How to do Russia right
If you’re traveling to Russia for the FIFA World Cup, you’re in for a treat. A huge country with an incredible history awaits for you. Russia is the land of ballet, countless churches, and breathtaking palaces. If you’re planning a visit, here are some tips from a local on how to do Russia right.
If you travel during the FIFA World Cup, there will be English speaking volunteers to help you. However, it might help to learn the basics of the Russian alphabet – that way you’ll be able to read the street signs to know your location. Also, people are not as mean as they look! The hard exterior is just a façade; people are actually kind and will help you if you’re lost.
Hello: Privet (informal) / Zdravstvujte (formal)

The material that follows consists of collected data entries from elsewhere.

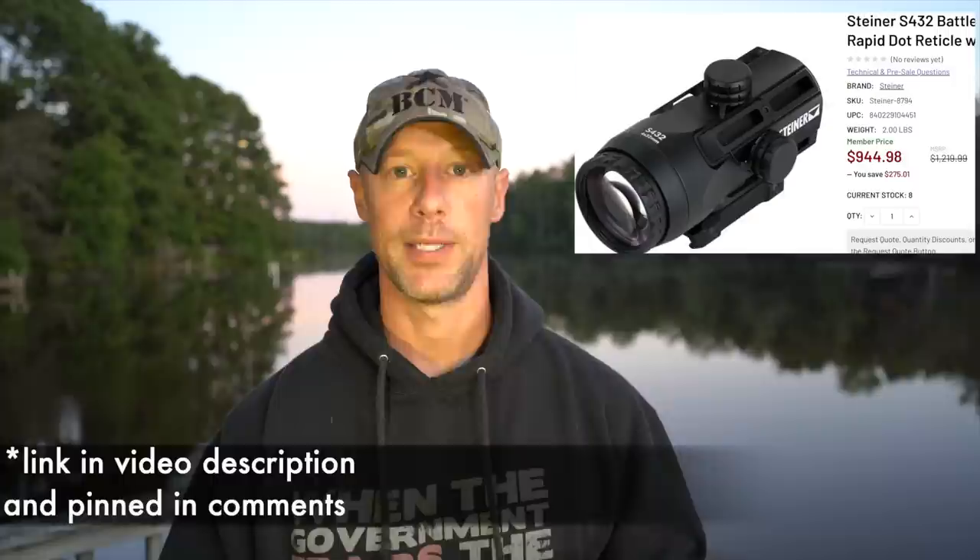That pretty much covers most of the comparison between the two. One remaining point is cost — MSRP on this is right around $1,300, but looking around at street price I was able to see it retail under $1,000. That's very expensive — it's in ACOG pricing territory for sure. It's very similarly priced; sometimes you can get an ACOG a little cheaper, sometimes more expensive. So it's going head to head price-wise with the ACOG, which in my opinion is a tough fight — the ACOG is an excellent optic.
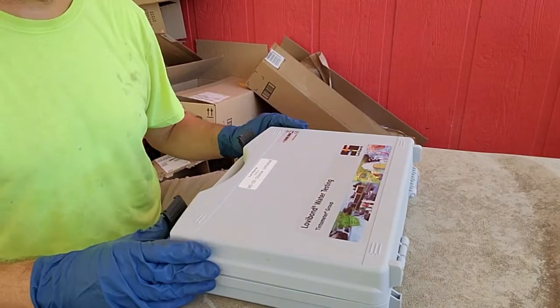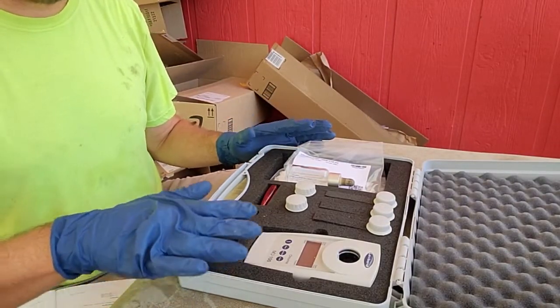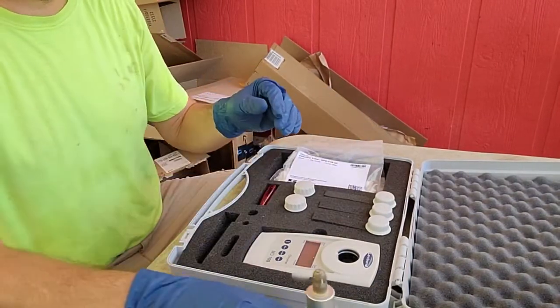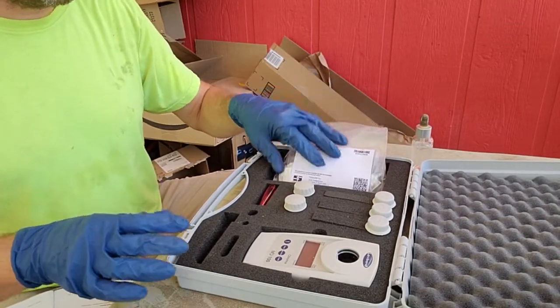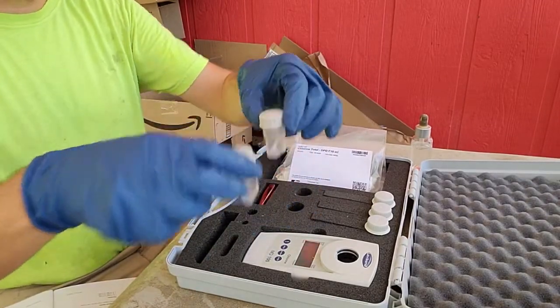This is how our new colorimeter works that we're going to use up at the wastewater treatment plant. It's a little different than the last one — it doesn't have a flappy lid; that's all taken care of by the shape of the caps. Pull out your acid drops, these are our pillows, our reagents — these are the two vials we're going to use for our testing.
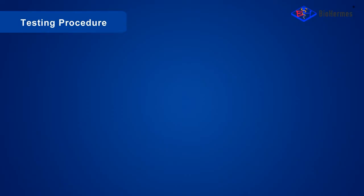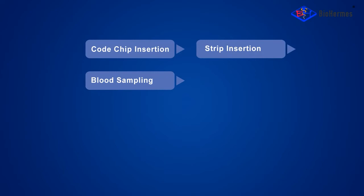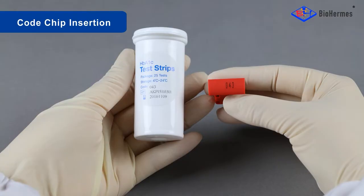The testing procedure consists of the following steps: code chip insertion, strip insertion, blood sampling, buffer A adding, blood adding, buffer B adding, and result reading.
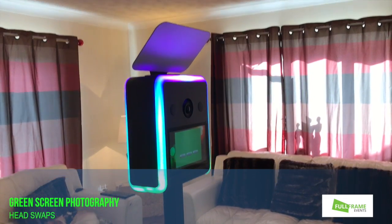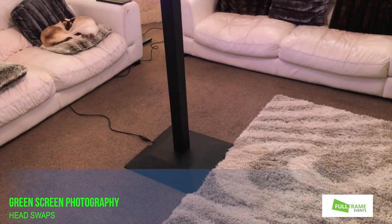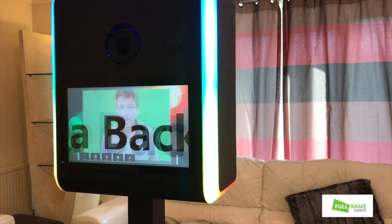Ok, this is the new Infinity booth. Bounce card on top. Small stand, one cable. Here you can see we're set up for the Power Rangers job, set up for photos.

Goodbye: Poka (informal) / Do Svidaniya (formal)
Thank you: Spasibo
2. St Petersburg
St Petersburg is famous for having ‘white nights’ and moveable bridges that go up every night and don’t go down till dawn. One tip: don’t get stuck on the ‘wrong’ side of the canal, since you won’t be able to cross back till dawn or have to pay for a long cab ride. However, the sight of the bridges going up is truly magical. It is accompanied by classical music and an occasional light show with fireworks. Since it never gets fully dark, you can spend the whole night walking around and exploring the city. The white nights of St Petersburg are described as the most romantic experience in Russia.
Russian’s like to say ‘Moscow never sleeps’. Whether you are looking for a cultural experience in the world famous Red Square, or the metropolitan big city experience with wild parties, Moscow truly has something for everyone.

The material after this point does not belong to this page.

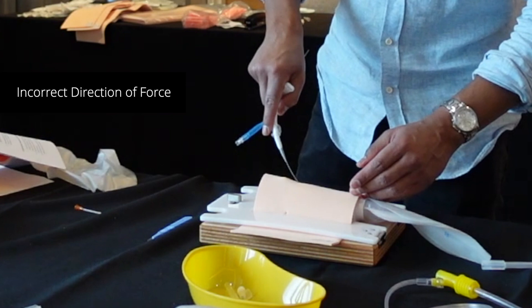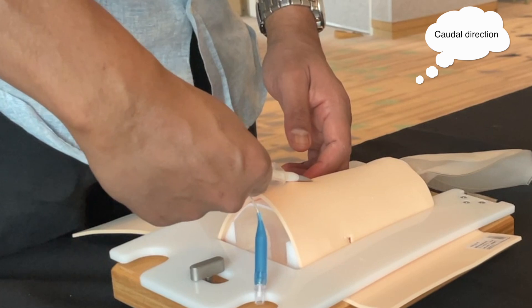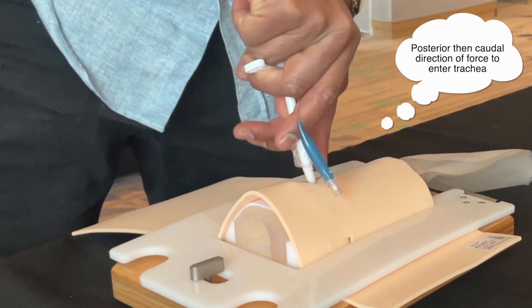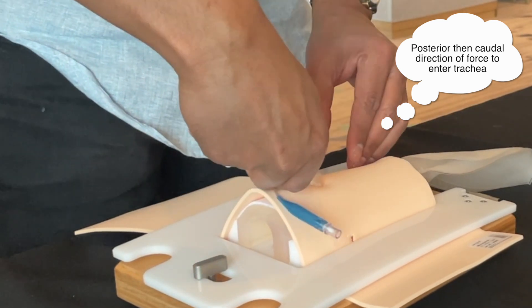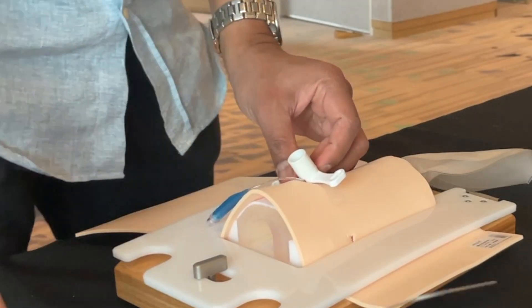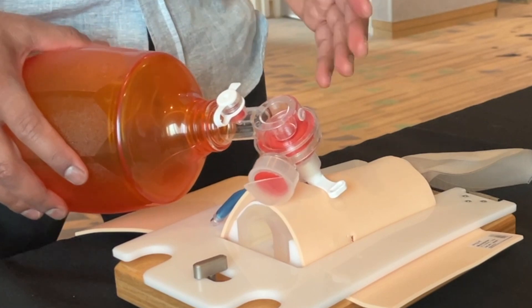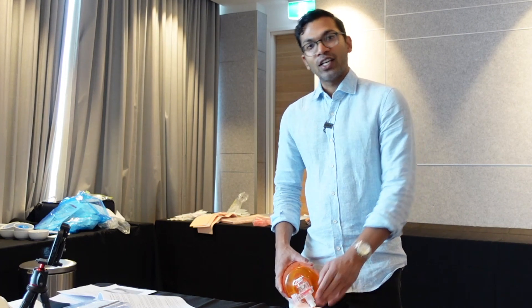Another issue is incorrect force application. If your force is applied only in a downward direction, it may not get through the hole. The correct motion is initially downwards into the trachea, then inferiorly with a rotating motion — that's more likely to get into the trachea and allow proper ventilation. After inserting the Melker, confirm placement by checking end-tidal CO2 if possible, along with rising oxygen saturations and good chest rise and fall.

Russia is a cheap country! You can still find expensive restaurants, but traveling on a tight budget will not be a problem here. Russian currency is called rouble. Don’t feel pressured to exchange money ahead of time – you can do it practically anywhere here.

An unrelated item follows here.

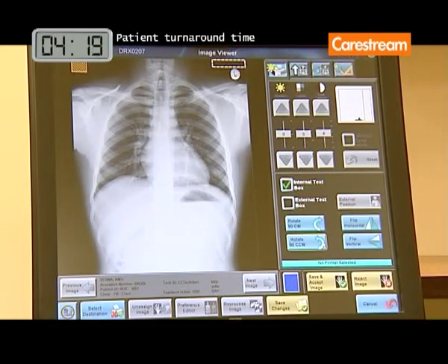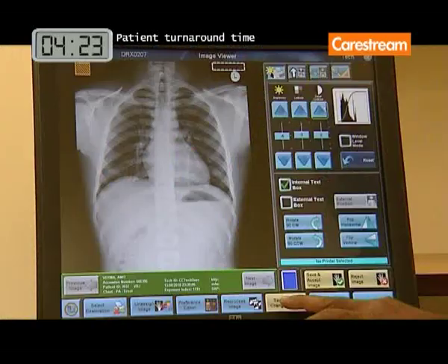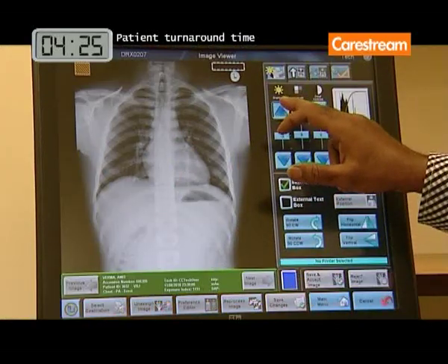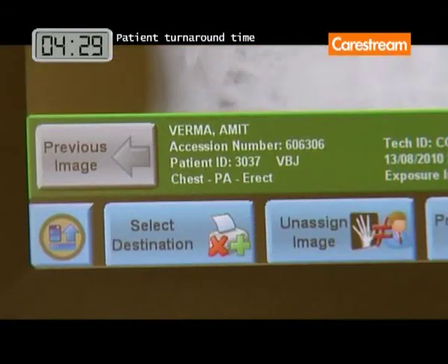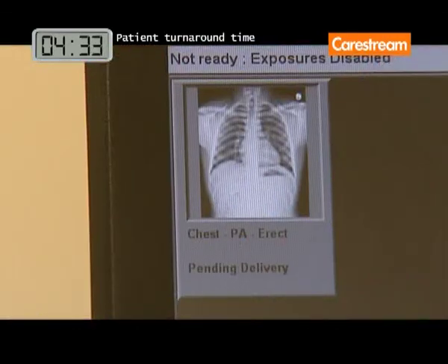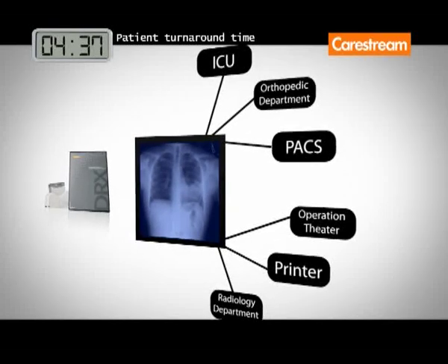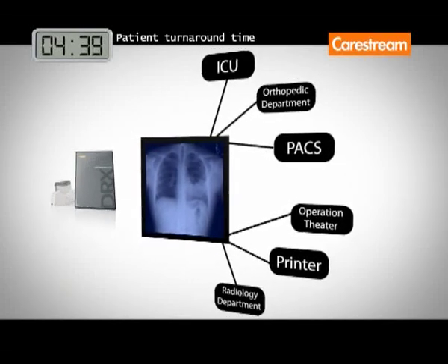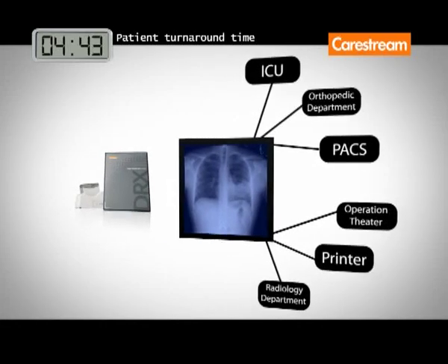After exposure, the X-ray cassette wirelessly transmits digital images to the system's capture console for immediate viewing and manipulation. From the console, images can now be quickly forwarded to a printer, PACS, or sent through the network to various departments across your hospital or medical centre.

You might be surprised to hear this, but Russians consume more tea than vodka. This is truly a tea country (Russia has the fourth-highest tea consumption per capita in the world), with its own tea-drinking traditions. So when in you are in Russia, make sure you try tea with jam. Yes, jam! Russians put a couple of teaspoons of raspberry, strawberry, currant or other kinds of jams in their tea. Stir it properly, grab some pastry, and enjoy a cup of tea Russian style.
6. “I’ll be back”
Most importantly, don’t be scared. The scary stereotypes will not prove to be true, and at the end of the trip, you’ll be surprised to hear yourself say “I want to come back!” If you have a chance, travel to more cities other than St Petersburg and Moscow, because Mother Russia has a lot to offer.